Proving for all n $\in \mathbb N$, $$\sum_{i=0}^n \frac1{2^{i}} < 2$$
Hint. First prove that the left hand side can be expressed in closed form, i.e. without using the summation operator.
This is one of my review questions and I do not know how to start even with the hint.

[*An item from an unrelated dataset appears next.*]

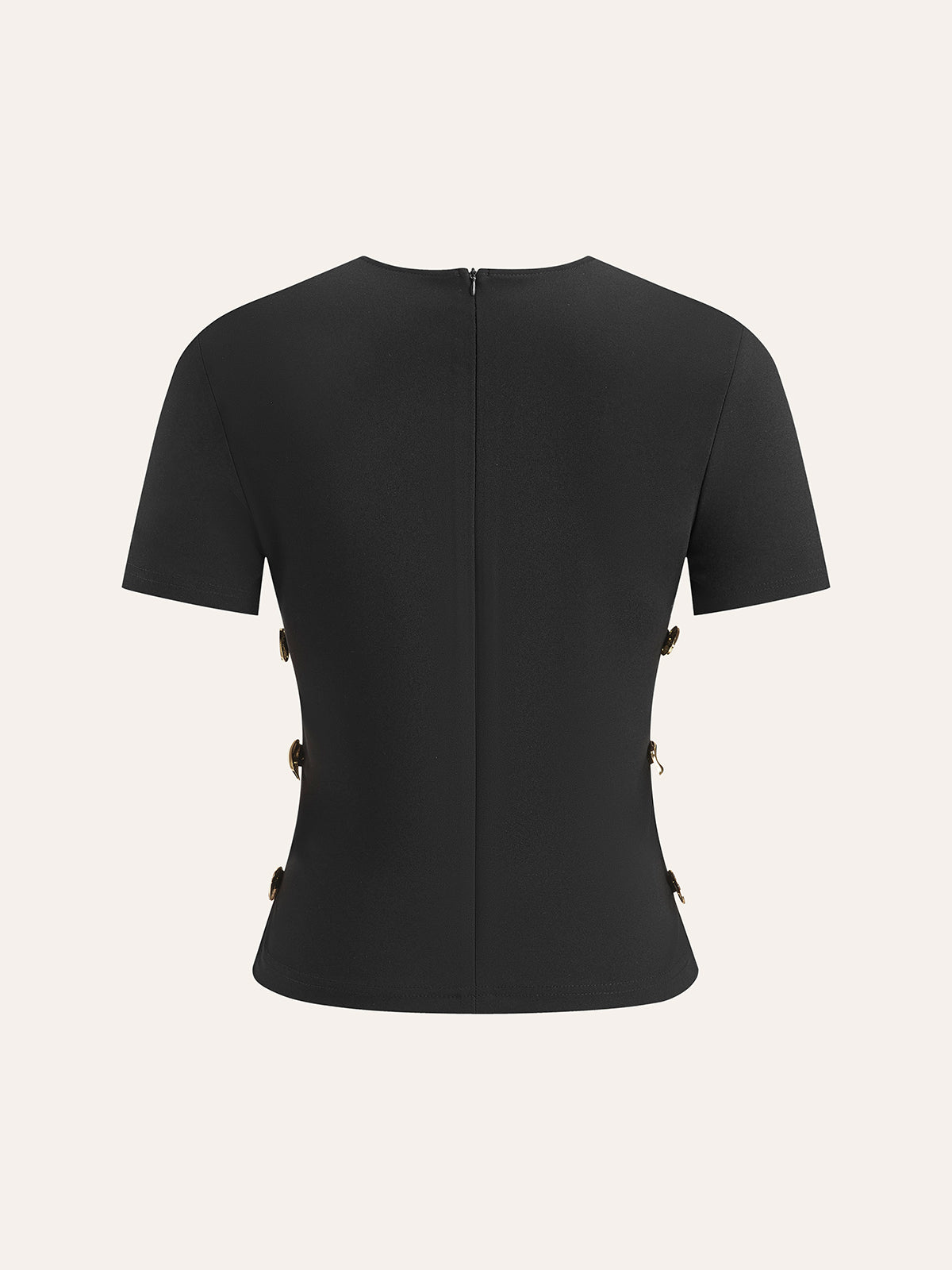 Cut-Out Side Metal Detail Zipper T-Shirt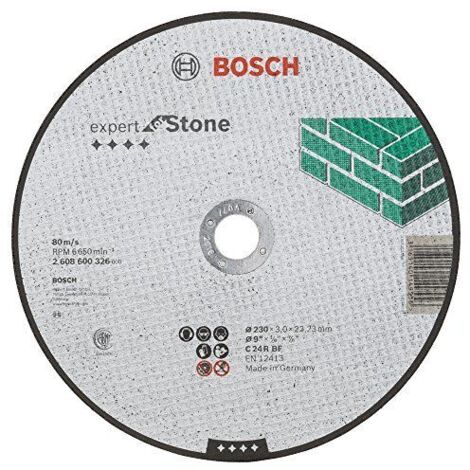 Mola da taglio diritta per pietra 230 x 3 mm grana 80 in carburo di silicio e fibra bosch 2608600326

Any help would be appreciated.
Notice for $|x| < 1 $
$$ 1 + x + x^2 + x^3 + .... + x^r = \frac{1 - x^{r+1}}{1-x} $$
Hence
$$ \sum_{i=1}^n \frac{1}{2^i} = 1 + \left( \frac{1}{2}\right)^1 + \left( \frac{1}{2}\right)^2 + .... + \left( \frac{1}{2}\right)^n = \frac{1 - \left( \frac{1}{2}\right)^{n+1}}{1 - \frac{1}{2}} = 2 - \frac{1}{2^n} $$
And since $\frac{1}{2^n} > 0$ for all $n>0$, then
$$ 2 + \frac{1}{2^n} > 2 \iff2 > 1 -\frac{1}{2^n} = \sum_{i=1}^n \frac{1}{2^i}$$
We know from elementary school that the sum of the first $n$ terms of a geometric series is $S_n=\frac{a_1(q^n-1)}{q-1}$ where $a_1$ is the first element and $q$ is the common ratio.

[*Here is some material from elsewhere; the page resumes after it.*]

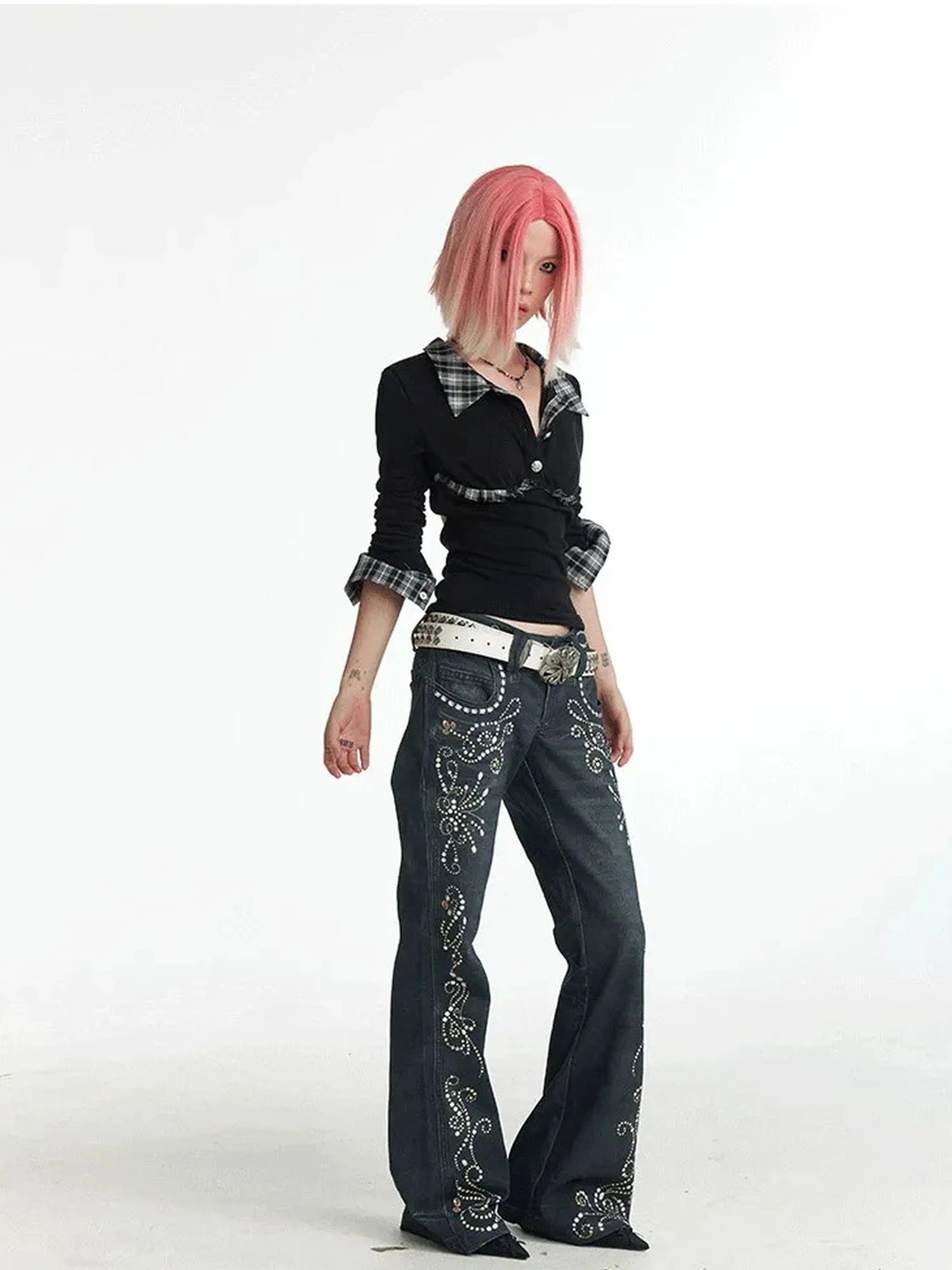 FayChui  Vintage Gemstone Floral Print Flare Pants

Lemma: the sum of a converging (meaning $q<1$ ) infinite geometric series is $S_{\infty}=\frac{a_1}{1-q}$
Proof $S_{\infty} = \lim_{n \to \infty} S_n = \lim_{n \to \infty} \frac{a_1(q^n-1)}{q-1}$
Since $q<1$ we get that $\lim_{n \to \infty} q^n=0$ and so:
$S_{\infty} =\lim_{n \to \infty} \frac{a_1(q^n-1)}{q-1} = \frac{a_1(0-1)}{q-1}=\frac{-a_1}{q-1}=\frac{a_1}{1-q}$
Now back to our question: $$\sum_{i=0}^n\frac{1}{2^i} \leq \lim_{k \to \infty} \sum_{i=0}^k\frac{1}{2^i} =\frac{1}{1-\frac{1}{2}}=\frac{1}{\frac{1}{2}}=2$$
Note: the first inequality holds since every element in the series provided is positive.
$\displaystyle \sum_{k=0}^n \dfrac{1}{2^k} = \dfrac{1 - 2^{-n-1}}{1 - \frac{1}{2}} = 2 - 2^{-n} < 2$
Since $$\sum_{n=0}^{\infty}\frac{1}{2^n}=2$$ (prove this!), and all terms are strictly positive, it must be that any finite sum is strictly less than the infinite series.
In other words, the partial sums $S_k$ form a sequence which strictly increases to its limit, so $$S_0<S_1<S_2<S_3<\cdots <S=2$$ where $S_k=\sum_{n=0}^k \frac{1}{2^n}$ and $S=\sum_{n=0}^{\infty}\frac{1}{2^n}=\lim_{k\rightarrow\infty} S _k$.